Emily is part of the Vukovic group which studies neuroimmunology and cognition.

Researcher biography

Emily is currently a post-doctoral researcher in the Vukovic laboratory for Neuroimmunology and Cognition where she investigates the functional consequences of neuro-immune interactions and their impact on traumatic brain injury outcomes. Specifically, she investigates microglia, the CNS resident innate immune cells, and their role in mediating learning and memory deficits arising from brain injury. Dr Willis completed her PhD in neuroimmunology at The University of Queensland in October 2020. During this time, she identified that microglia do not actively drive secondary inflammatory pathology after brain injury, but rejuvenating microglia can induce microglia to become neuro-protective, driving brain repair and restoring cognition after brain injury. She identified that these rejuvenated microglia act via the interleukin-6 signalling pathway and identify this pathway as a potential target for therapeutic intervention.
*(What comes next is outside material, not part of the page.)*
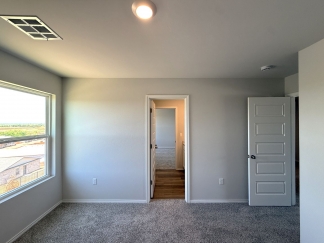 Be the First to Call This Home! Brand New 3-Bed, 2.5-Bath in Yukon, OK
Her work demonstrates that microglia and their suggested roles in propagating brain injury have been previously misunderstood, and approaches to harness and modulate microglia are possible and this can support brain repair and restore brain function after injury. Her work was published in the leading life sciences journal Cell in 2020 (IF: 41.58, citations to date: >317). Her research has received several awards, including the Mark Rowe award and the Paxinos-Watson award, both from the Australian Neuroscience Society (ANS) in 2021, as well as the Postdoctoral Investigator Award from the National Association of Research Fellows (NARF) of the NHMRC in 2020.